Marijuana is so prevalent on Craigslist that it's frequently used as currency. In fact, it's become so common that many people feel the need to specify that they don't accept weed as payment. A 2001 Nissan Maxima, a '98 Kawasaki Ninja, a Samsung Galaxy smartphone, a tent trailer, a two-karat gold wedding ring — all were for sale last week in separate ads, and each said something along the lines of "no 215 trades."

Others gladly accept our local variety of green currency. "Prop215 4 convertible mustang Gt," reads an ad from April 30. The seller offers to trade his '99 maroon drop-top for "4-5 nice lbs of top shelf outdoor."

And of course there's a wide variety of strains of the plant itself: Purple Kush, Blueberry Headband, Green Crack and Girl Scout Cookies were among the recent offerings. Most of the recent ads were for starts in four- or five-inch pots. The Journal reached out to one seller of Blueberry Headband starts via email and he explained some of the perks of selling a quasi-legal product.
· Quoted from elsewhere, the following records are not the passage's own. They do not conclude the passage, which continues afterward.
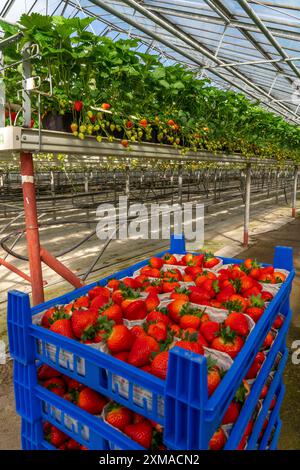 Frisch geerntete Erdbeeren, verpackt in Kisten und Kisten für den Verbraucher, Erdbeeranbau im Gewächshaus, junge Erdbeerpflanzen wachsen Stockfoto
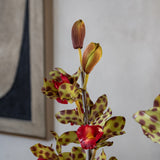 Cymbidium Faux Orchid with Leaves Bush - Poka Dot Color
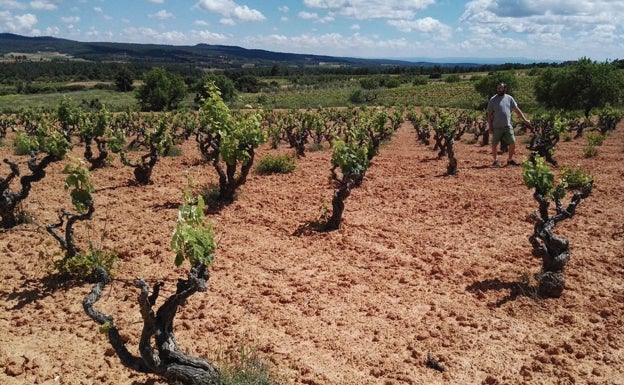 Brotación primaveral en las cepas de Utiel-Requena.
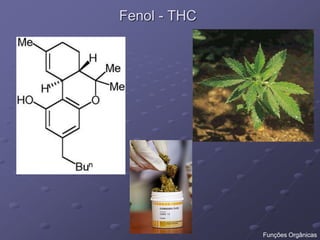 Fenol - THC
Funções Orgânicas
 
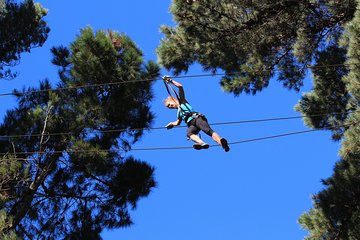 Adrenalin Forest Auckland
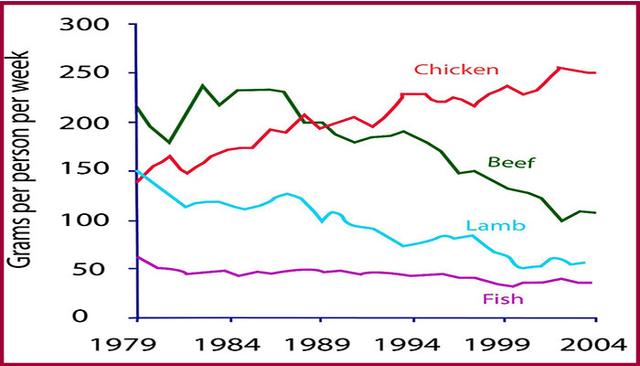 The graph shows the consumption of fish and some different kinds of meat in a European country between 1979 and 2004.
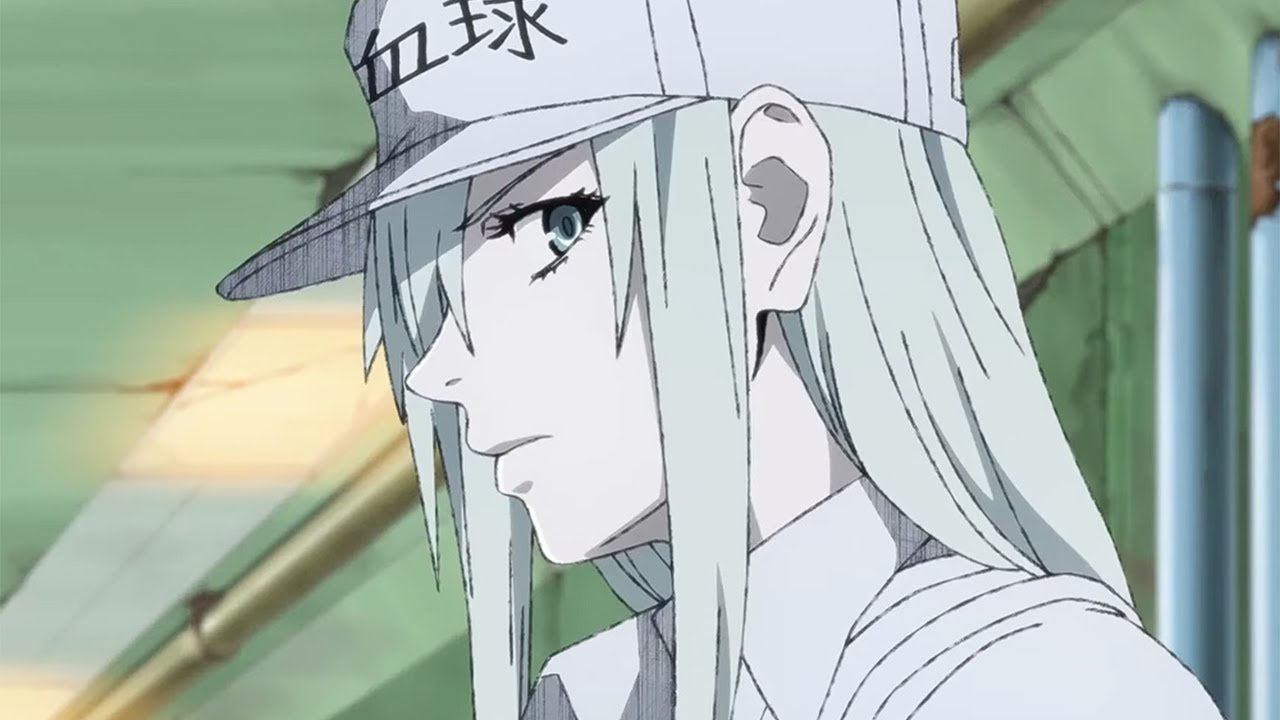 Hataraku Saibou Black CM anime mediafire download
"If a customer is an asshole, I can say that to them," he said in a response email. "Nowhere in legal retail would it be fitting to text a customer, 'Never mind, bro, been waiting on you since 3:30 and I can't do it anymore.'" You might even get offered an extra $50 to keep waiting, he added.

"Don't get me wrong," the guy wrote. "Craigslist isn't just for shady transactions discussed over open trunks in the southeast corner of the Target parking lot. It's also a good way to make $45 dollars off of the left handed, mismatched set of golf clubs ... that you found in some downtown Eureka alley. ... You might also be offered a shot of inexpensive whiskey when you go to drop it off!"

At the end of his email, the guy revealed that his little anecdote about waiting for a customer was not hypothetical. "Dude's girlfriend just hit me up with the $ plus the extra $50," he wrote. "Gotta go make some rent."

Lots of things can be found on Humboldt Craigslist. Want a pit bull? There's tons of those. Been jonesing to trim some guinea pig toenails? A lady in Arcata can make that dream a reality. Maybe you want a big pile of single socks, some used tractor tires or a parrot named Richard. Or perhaps you'd like to cozy up to your computer and read some semi-coherent manifestos about communism, chemtrails and fluoride, preferably typed in all caps.

Regardless of what you're looking for, if you spend enough time on Humboldt Craigslist you'll develop a new appreciation for the vast, vibrant and bizarre array of people and stories to be found here.